The Need to Punish

The Need to Punish

The soul of America has gone soft. Our will has dulled. When it comes to discipline, we are collectively the five year-old howling not to be spanked. We know we deserve it–we just don’t want it.

You see this instinct everywhere. I often think that we as a society are more prone to feel sorry for the criminal than the victim. Something terrible happens, and we’re so quick to look into the killer’s background, sympathize with his family, and generally look at things from his side of things that we forget the victim. Then, we as a society scream that the poor criminal has to spend time in as terrible a place as jail. Jail is bad, after all, and bad things happen there. So we shorten the sentences and lighten the burdens and ease off the death penalty and all of a sudden, being a criminal ain’t so bad.

We carry this out on many other levels as well. With children, for example. We don’t want to do anything to damage the “self-esteem” of our children or to raise the hackles of the government, so we softpedal physical discipline and use all manner of useless time-outs that do nothing to teach the child that their conduct is bad and instead communicate that if they misbehave, they get to take a quiet break in the corner. No harsh repercussions, no red mark on the hiner. Just a soft little ten-minute spell in the kitchen. Meanwhile, the children learn, just as the criminals do, that it’s not really such a bad thing to disobey.

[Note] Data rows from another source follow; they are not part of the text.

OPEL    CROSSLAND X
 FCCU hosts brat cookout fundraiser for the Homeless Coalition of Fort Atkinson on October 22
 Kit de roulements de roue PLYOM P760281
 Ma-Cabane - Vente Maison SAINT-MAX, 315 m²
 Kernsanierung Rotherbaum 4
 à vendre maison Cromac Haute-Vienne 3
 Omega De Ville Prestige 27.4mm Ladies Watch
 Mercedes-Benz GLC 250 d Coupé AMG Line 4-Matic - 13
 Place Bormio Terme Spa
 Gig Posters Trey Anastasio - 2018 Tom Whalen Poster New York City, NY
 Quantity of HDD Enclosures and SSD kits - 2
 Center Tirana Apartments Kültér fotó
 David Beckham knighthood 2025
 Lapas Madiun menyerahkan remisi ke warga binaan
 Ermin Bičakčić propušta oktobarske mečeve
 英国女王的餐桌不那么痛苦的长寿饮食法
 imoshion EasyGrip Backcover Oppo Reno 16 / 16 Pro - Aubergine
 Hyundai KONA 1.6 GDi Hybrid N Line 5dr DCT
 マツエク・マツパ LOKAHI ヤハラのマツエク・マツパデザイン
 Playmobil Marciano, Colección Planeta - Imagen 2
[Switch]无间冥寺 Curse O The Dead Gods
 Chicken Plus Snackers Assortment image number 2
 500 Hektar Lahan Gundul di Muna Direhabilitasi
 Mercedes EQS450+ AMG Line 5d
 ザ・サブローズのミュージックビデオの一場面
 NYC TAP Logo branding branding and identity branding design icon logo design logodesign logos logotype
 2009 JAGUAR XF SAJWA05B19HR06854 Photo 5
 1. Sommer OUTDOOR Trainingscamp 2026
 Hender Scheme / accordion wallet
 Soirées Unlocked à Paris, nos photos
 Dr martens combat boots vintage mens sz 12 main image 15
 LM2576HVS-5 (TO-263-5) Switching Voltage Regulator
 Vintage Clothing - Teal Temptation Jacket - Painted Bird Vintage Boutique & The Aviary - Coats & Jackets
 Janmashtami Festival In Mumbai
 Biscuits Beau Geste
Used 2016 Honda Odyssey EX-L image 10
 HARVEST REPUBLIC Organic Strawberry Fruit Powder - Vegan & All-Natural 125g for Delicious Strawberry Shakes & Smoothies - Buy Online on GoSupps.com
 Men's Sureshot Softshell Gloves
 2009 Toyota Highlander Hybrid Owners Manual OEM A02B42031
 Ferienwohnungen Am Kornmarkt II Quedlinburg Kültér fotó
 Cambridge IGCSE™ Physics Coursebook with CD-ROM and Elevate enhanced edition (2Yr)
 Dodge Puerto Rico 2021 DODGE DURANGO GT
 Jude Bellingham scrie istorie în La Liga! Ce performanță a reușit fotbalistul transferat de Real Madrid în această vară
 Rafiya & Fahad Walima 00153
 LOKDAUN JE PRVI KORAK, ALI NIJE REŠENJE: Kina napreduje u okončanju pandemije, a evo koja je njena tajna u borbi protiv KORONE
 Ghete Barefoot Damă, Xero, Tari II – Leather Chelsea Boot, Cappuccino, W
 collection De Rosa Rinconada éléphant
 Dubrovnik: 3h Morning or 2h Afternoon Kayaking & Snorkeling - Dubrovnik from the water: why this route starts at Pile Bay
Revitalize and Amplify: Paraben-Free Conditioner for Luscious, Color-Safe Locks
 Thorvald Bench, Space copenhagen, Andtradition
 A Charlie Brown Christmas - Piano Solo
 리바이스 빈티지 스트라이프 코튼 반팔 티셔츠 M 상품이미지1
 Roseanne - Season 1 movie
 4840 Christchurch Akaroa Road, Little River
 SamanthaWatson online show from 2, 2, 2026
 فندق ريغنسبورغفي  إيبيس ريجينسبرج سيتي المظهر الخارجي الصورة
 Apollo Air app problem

Even at the seminary I attend, a school strongly committed to the need to point out wrong and address it, some professors use purple ink when they are correcting papers because red hurts feelings. Those who do so do it with the best of intentions. They would likely affirm the need to punish. But they are nonetheless a small participant in the societal shift away from punishment and firm, clear correction. We are so psychologically driven, so concerned with people’s opinions, so scared we might hurt a feeling or scar a psyche, that we go soft at the very point at which we need to go hard and at which the offending person needs us to go hard. As we’ll talk about tomorrow, discipline is not inherently bad for us. It is inherently good for us. And discipline that is not firm and unpleasant does us no good at at all. That type of discipline actually is bad for us.

Think about this. When you did something wrong and were caught at it, what caught your attention? What really made you change? When did you know you were going to get away with your wrongdoing?

When discipline is lovingly administered, it leaves a mark. That mark leaves a lasting impression.